Social differentiation has its roots in economically based power [38: p.56]. At Resuloğlu, the primary subsistence is derived from agriculture, textile weaving, and husbandry. The household consumption of metals is limited to 12 utilitarian tools; the majority of tools were made of stone. The overarching consumption of metals as grave goods indicates that the surplus of staple commodities must have been exchanged or traded for metals, most likely to a certain extent under the control of the village-head. The variety in types and composition of metal grave goods demonstrates the extent of this give-and-take or trade system.

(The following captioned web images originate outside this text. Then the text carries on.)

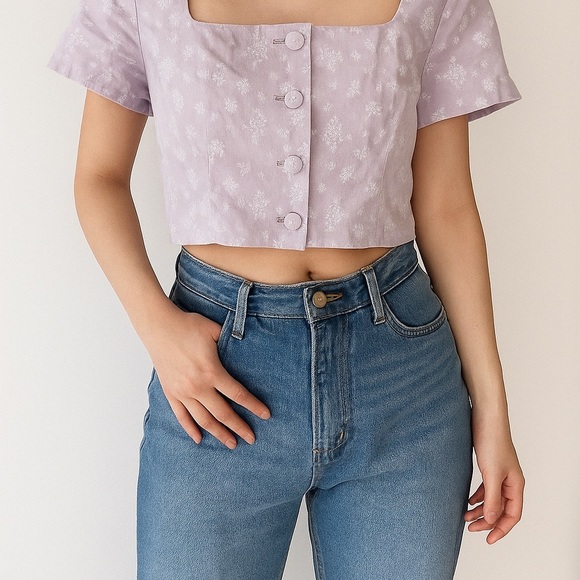 OAK + FORT Tops - Oak + Fort Cropped Short Sleeve Button-Up, Size Medium in Lilac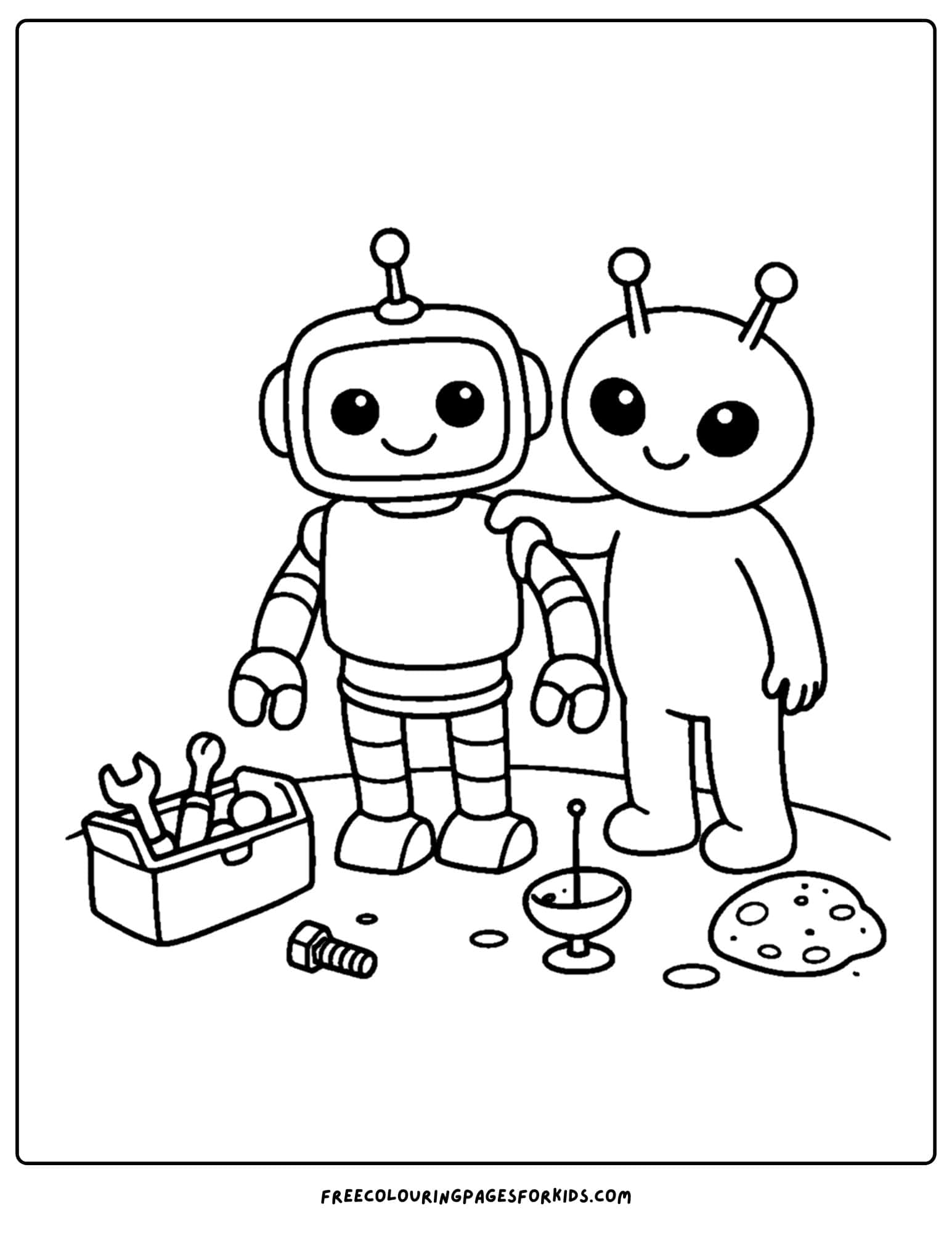 a coloring page of an alien with a robot friend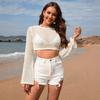 Women's Summer Hollowed Out New Long Sleeve Sleeve Knitted Short Sleeve Solid Color Top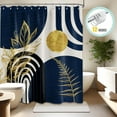 thumbnail image 1 of Zrodlmo Boho Shower Curtain with Hooks, Modern Waterproof Fabric Bathroom Curtain, 72" x 72", Blue Gold, 1 of 8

Taking the diversity of metal artifacts (e.g., axes, daggers, cups, beads, etc.) as a proxy of the varying personal status of individuals, such differences would imply a certain degree of social differentiation. For example, the only mace head from the site was recovered in a pithos grave belonging to an elderly female [39]. The rare occurrence of funerary banquets involving cattle skulls or hooves demonstrates the use of display in the burial rituals, which could be interpreted as a way to emphasize social status [40]. Still, there is no solid evidence to assign certain burials to a leader or socially high-ranked persona. There is a certain degree of inequality; however, associating the metal-rich graves with the existence of elites would not fit the archaeological evidence from the domestic contexts either.

Research context and materials

The existing literature on the north-central Anatolian archaeometallurgy shows no doubt about the quality and quantity of metal artifacts in the region signaling the wealth and advanced technological skills of the ancient crafts. However, prestigious, symbolic, or exceptional artifacts have given priority to scientific analysis mostly overlooking utilitarian objects. Additionally, not much has been proposed regarding the socioeconomic system supporting such accumulation.

The existence of tin (>1 wt%), occasionally as high as ca. 20 wt%, on the so-called prestigious and symbolic corpora of metal grave goods, has fueled debates on the sources of tin [41, 42, with references]. Since the 1980s, this venue of debate–known as the ‘tin problem’ in the literature–has questioned whether tin was available in Anatolia. Today, the presence of Anatolian tin is unquestionable. Cassiterite, the tin oxide mineral (SnO2), is available in Kestel (Niğde) and Hisarcık (Kayseri) as minor occurrences. These should have been available to ancient miners for a long time [4245]. While Kestel’s tin was exploited and used during the 3rd millennium BC in its associated mining settlement of Göltepe [42, 43], archaeological evidence is pending for the systematic exploitation and use of Hisarcık’s tin.

The ostentatious metal corpora of the region have also prompted discussions on the identity of the craftspeople who were skillfully manufacturing such unique pieces. Local and regional schools for metalwork have been suggested for this preliterate period of Anatolia [46, 47]. Certain zones with rich polymetallic sources were proposed as suitable for extensive metal production [24]. Hattians, the local population of the Halys Basin during the second half of the 3rd millennium BC, have been suggested as skillful artisans of metalwork. Any discussions of the context of metal production or specialization will be inadequate, due to the archaeological context of these final products as grave goods [48: p. 154–155; 49]. Thus, this study does not propose any ideas in the context of metal production and specialization.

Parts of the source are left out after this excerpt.